Unlike other times I've been there, the audience was thin and this time no other musicians sat in. Twice before I've seen Hector Martignon show up and sit in on the piano. One other time a trombone player recently moved from California looking to make it in New York joined the band. That night was special because Barry Olson, the band's piano player, who also plays trombone, took it up and so the three trombones made up for one mean jam session, replete with nasty moñas à la Eddie Palmieri and the best days of La Perfecta.

I came in a little late, thinking that the show started at 8:30 pm, so I only caught the last three songs of the first set. I had heard them before and this made me think, "given that inevitably musicians must play their repertoire more than once, what do they live for? To play the same songs over and over ad infinitum? Boring."

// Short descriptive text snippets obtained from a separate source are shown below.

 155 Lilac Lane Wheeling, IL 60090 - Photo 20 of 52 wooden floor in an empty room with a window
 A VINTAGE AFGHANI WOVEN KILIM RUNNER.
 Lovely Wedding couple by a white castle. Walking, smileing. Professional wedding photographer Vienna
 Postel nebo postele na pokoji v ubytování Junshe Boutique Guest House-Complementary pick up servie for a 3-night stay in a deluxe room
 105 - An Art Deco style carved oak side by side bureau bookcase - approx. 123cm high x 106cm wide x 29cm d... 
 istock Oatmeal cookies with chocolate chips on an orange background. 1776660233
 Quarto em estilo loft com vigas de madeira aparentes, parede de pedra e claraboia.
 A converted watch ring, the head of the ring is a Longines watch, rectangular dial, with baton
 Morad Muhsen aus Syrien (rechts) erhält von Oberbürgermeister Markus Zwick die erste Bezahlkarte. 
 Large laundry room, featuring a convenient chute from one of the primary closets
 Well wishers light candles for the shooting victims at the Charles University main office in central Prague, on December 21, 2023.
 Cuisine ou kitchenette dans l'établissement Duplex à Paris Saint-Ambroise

Well, not really. I posed the question to Chris during the break. No song is played the same no matter how many times it is played. There's also improvisation, which I thought must be what makes the difference.

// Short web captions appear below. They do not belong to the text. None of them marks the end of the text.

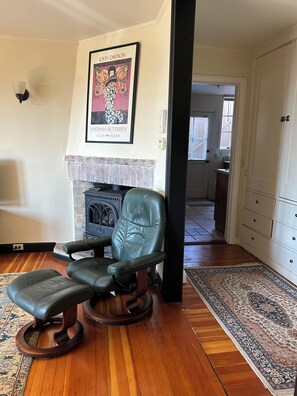 A living room with a fireplace, a framed artwork, and a leather chair.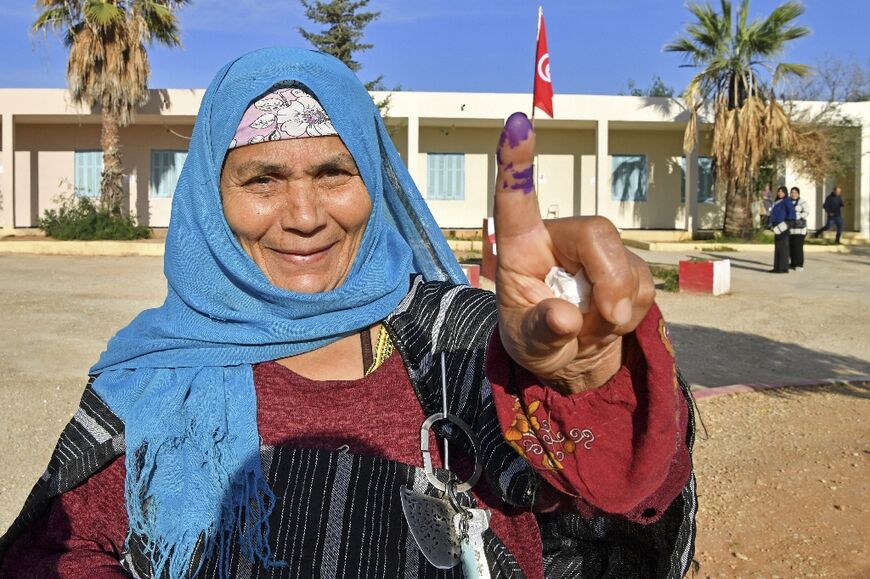 A Tunisian voter shows her ink-stained finger after voting in the parliamentary election, at a polling station in Mnihla district outside Tunis on December 17 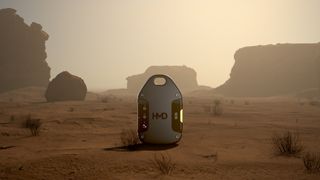 Photo of the HMD OffGrid satellite tool standing upright in the desert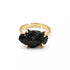 Adjustable black tourmaline ring with rough dark stone set in silver-tone open band, shown on neutral background.
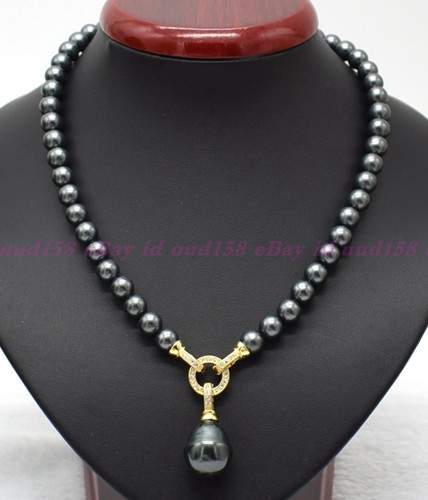 Pretty natural 8mm black shell - natural,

Thinking of my own experience as a teacher, I thought that ultimately what makes the difference is the audience, students, in my case, listeners for musicians. Every semester without fail I enter the classroom full of hope, expecting that something completely different, something exciting, will come of my interaction with a new set of students, even if I've taught the course a million times already. Course content does change everytime but only around the edges, pretty much like the rendition of the same song must change, subtly or radically, every time it is played before a new audience. That hope, the expectation that "this time the interaction will be different," must be what musicians (and teachers) live for. The changing audience is the thrill.